Selbst wenn es nun doch wieder eine Grenze gibt, dürfte die bei Nutzung von Entertain und vermutlich auch Videoload über den Entertain-Receiver nicht mitgezählt werden, das kann man ja technisch nachvollziehen, ob der Traffic nun Entertain ist oder nicht - bei zB den Mobilfunkverträgen zählt Spotify auch nicht mit, wenn man das zum Tarif dazubucht. Ansonsten ist bei vielen tmobile-Tarifen nämlich schon bei 200MB Drosselung angesagt.

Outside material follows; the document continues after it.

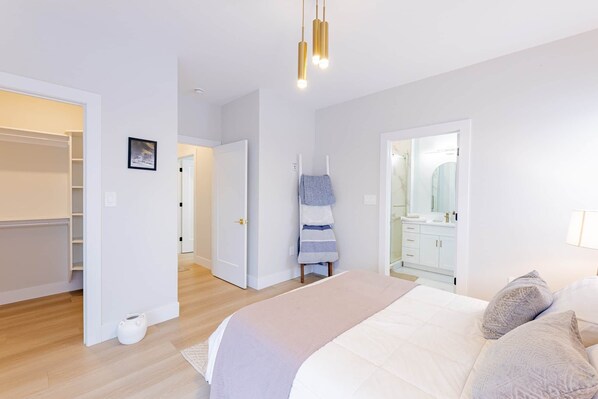 A bedroom with a bed, a wardrobe, a bathroom with a mirror, and a hallway.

und @Tarfel: es haben doch nun schon mehrere gesagt, dass es keine so großen Verluste wie bei klassischem DSL gibt -müsste also gehen. Wieviel hast Du denn jetzt? 18k, deute ich das korrekt? Wieviel waren denn von Deinem Anbieter "versprochen" ? Wenn es zB 20k sind und 18k ankommen, dann wirst Du bei VDSL sicher auch nicht plötzlich nur 50% von DSL50k haben. Zudem könntest Du auch ansonsten wieder vom Vertrag zurücktreten. Und die Leitungen sind garantiert nicht quer unter Privatgrundstücken hindurch verlegt, d.h.: idR natürlich an den Straßen entlang, unterm Bürgersteig.


----------



## Scroll (11. Januar 2013)

Also bei mir ist der verteilerkasten 2km weit weg und ich bekomme immernoch die maximale bandbreite zu mir laut router, ankommen tun am rechner ca. 46-48k mit dlan. Bei entertain wird keine drosselung aktiv zumindest habe ich das noch nicht bemerkt und ich schaue viel uber entertain auf hd sendern und viele filme uber den pc am internet


----------



## Tarfel (11. Januar 2013)

*AW: VDSL 50000 Geschwindigkeitseinbußen*



Herbboy schrieb:


> Also, laut u.a. dieser Meldung soll es GRAD bei den Entertain-Tarifen KEINE Drossslung ab x Gigabyte geben: Telekom VDSL für Entertain Tarife nur noch 5 Euro Aufpreis (Aktion)  und auch bei anderen Seiten hab ich das gelesen.
> 
> Oder hat sich das wieder geändert? Quelle?
> 
> ...


 
Vor nicht langer Zeit hatte ich von 18k die vollen 18k. Seid geraumer Zeit nur noch 15K. Problem war nicht mehr behebbar.


----------



## Tarfel (11. Januar 2013)

*AW: VDSL 50000 Geschwindigkeitseinbußen*



Scroll schrieb:


> Also bei mir ist der verteilerkasten 2km weit weg und ich bekomme immernoch die maximale bandbreite zu mir laut router, ankommen tun am rechner ca. 46-48k mit dlan. Bei entertain wird keine drosselung aktiv zumindest habe ich das noch nicht bemerkt und ich schaue viel uber entertain auf hd sendern und viele filme uber den pc am internet


 
Komisch. Ich weiß zwar nicht mehr, wo ich das gelesen habe. Da wurde gesagt, ab 300m Entfernung nimmt die Leistung stark ab. Komisch. Aber umso besser, wenn du sagst, das dir bei 2Km immer noch mindestens 46k bleiben.


----------



## robbe (11. Januar 2013)

*AW: VDSL 50000 Geschwindigkeitseinbußen*

Das was da angezeigt wird, sind doch nur die Hauptverteiler. 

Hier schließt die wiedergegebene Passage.